You probably already know this but in case you didnt know or forgot, there's a difference between MB/sec and Mb/sec. Spelling it outs its megabits (Mb) and Megabytes (MB). A byte is made up of 8 bits and therefore 8x smaller, so if your benchmark reads in MBps the maximum for (100) full-duplex would be exactly 12.5MBps which wouldnt be too far away from your figure... this would be reasonable if your using a software based card instead of a hardware based (aka: Win-NIC) (basically saying whether it has its own processor or it uses the CPU to do all its work for it). If it has CPU do all work it will slow down transfers a little bit.

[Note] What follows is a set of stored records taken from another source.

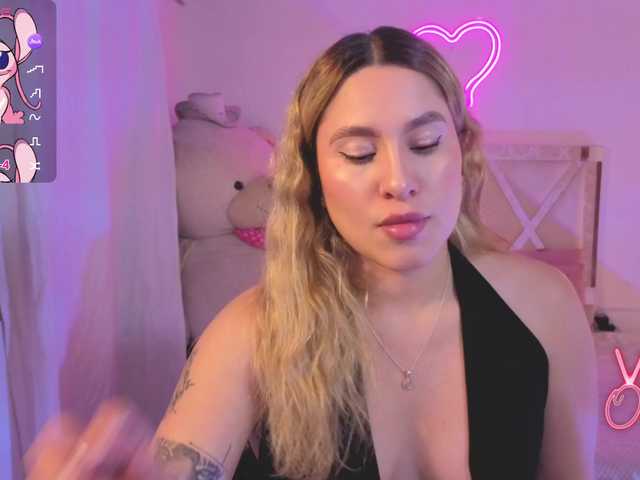 SAAYA-TAY's BongaCams show and profile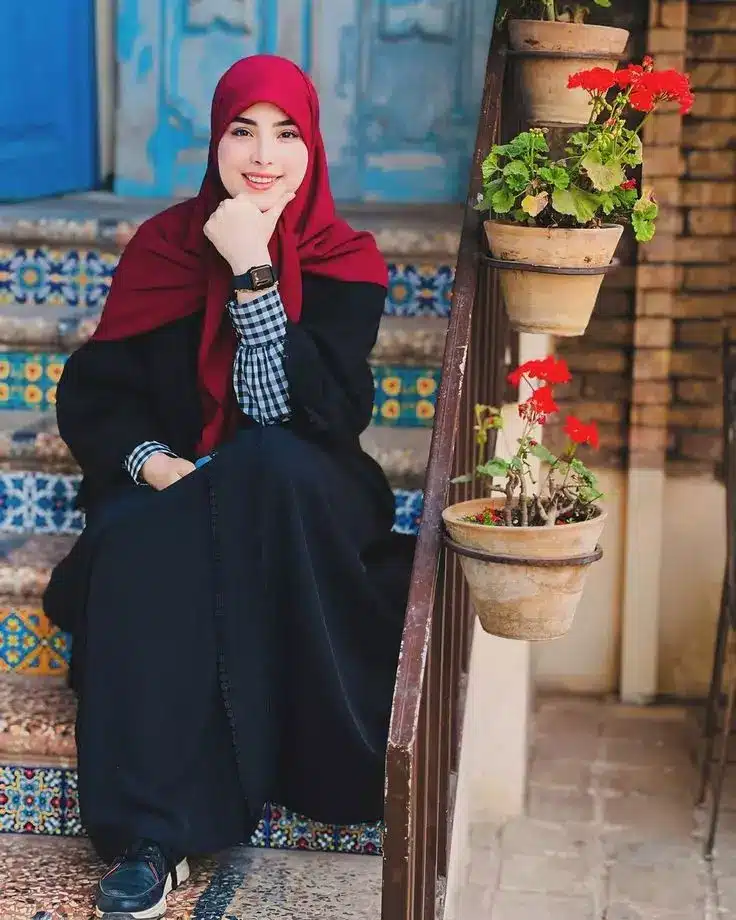 عکس دختر واقعی با حجاب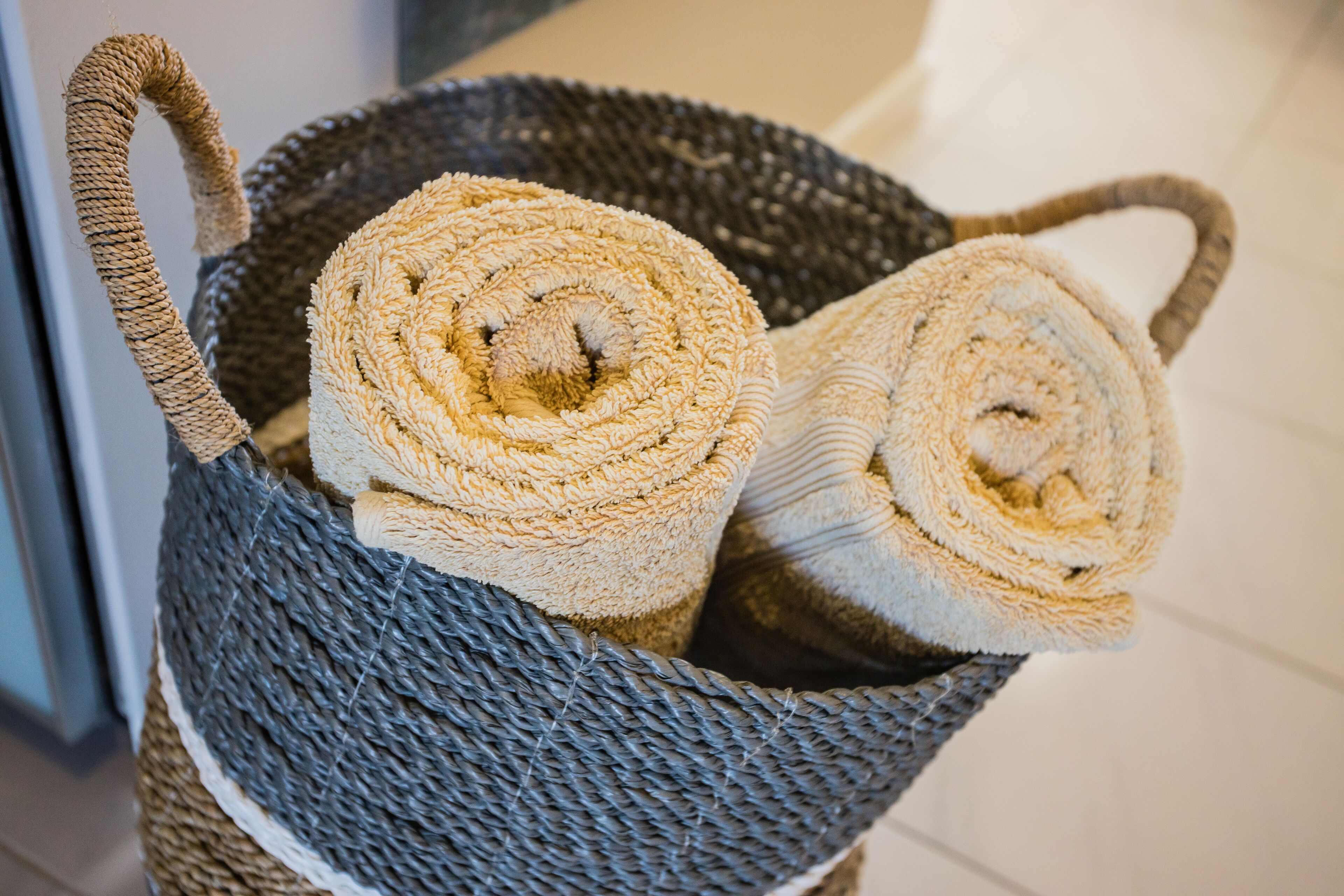 deluxe studio | premium bedding, in-room safe, desk, laptop workspace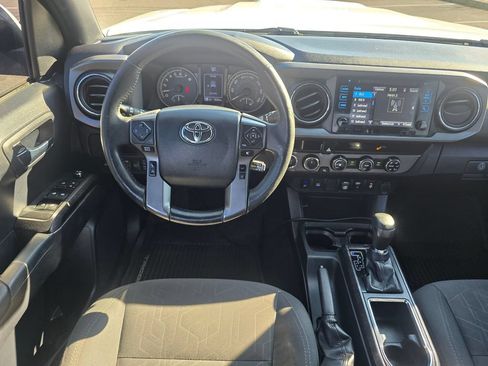 Used 2018 Toyota Tacoma TRD Sport AWD/4WD image 10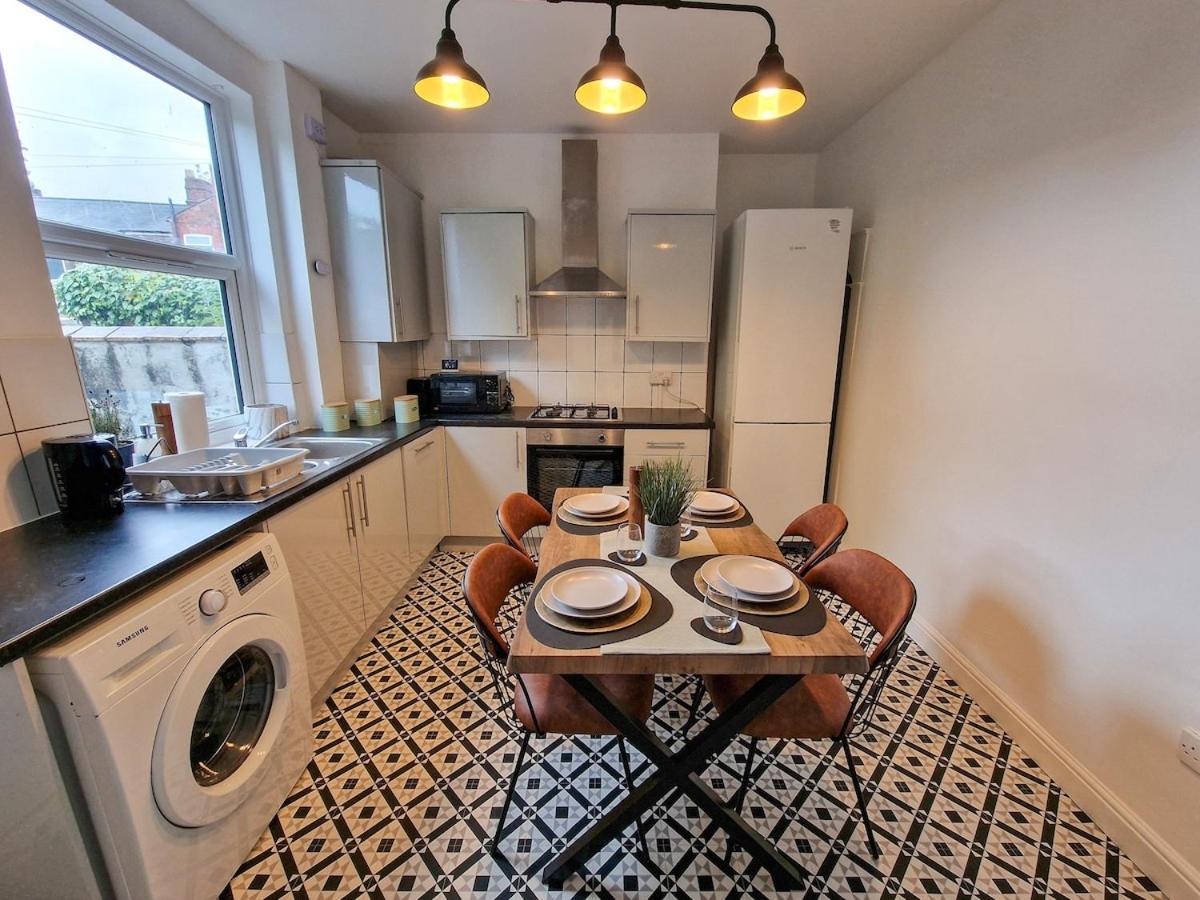 2 Bed Near Centre By Superhost Holiday home Manchester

But maybe u knew this already or maybe not, but to my understanding NICs are usually set up to an automatic mode where is selects speed as it sees necessary, if ur unhappy with speed there SHOULD be an option to set this manually if you right click on "Network Neighborhood," select properties, and select your NIC, select properties, select the advanced tab, select "link speed/duplex mode," and then press arrow key and scroll down to select "100 full," if this option is not there there are a few possible reasons.
You might be using wrong driver for this NIC, an old one that doesnt use 10/100 options-- I have one of these for example, and it doesnt allow selection, the advanced tab is just simply not there. Or your NIC is fundamentally configured to run in an automatic mode on the actual piece of hardware itself--something I have yet to see, but something I wouldnt rule out.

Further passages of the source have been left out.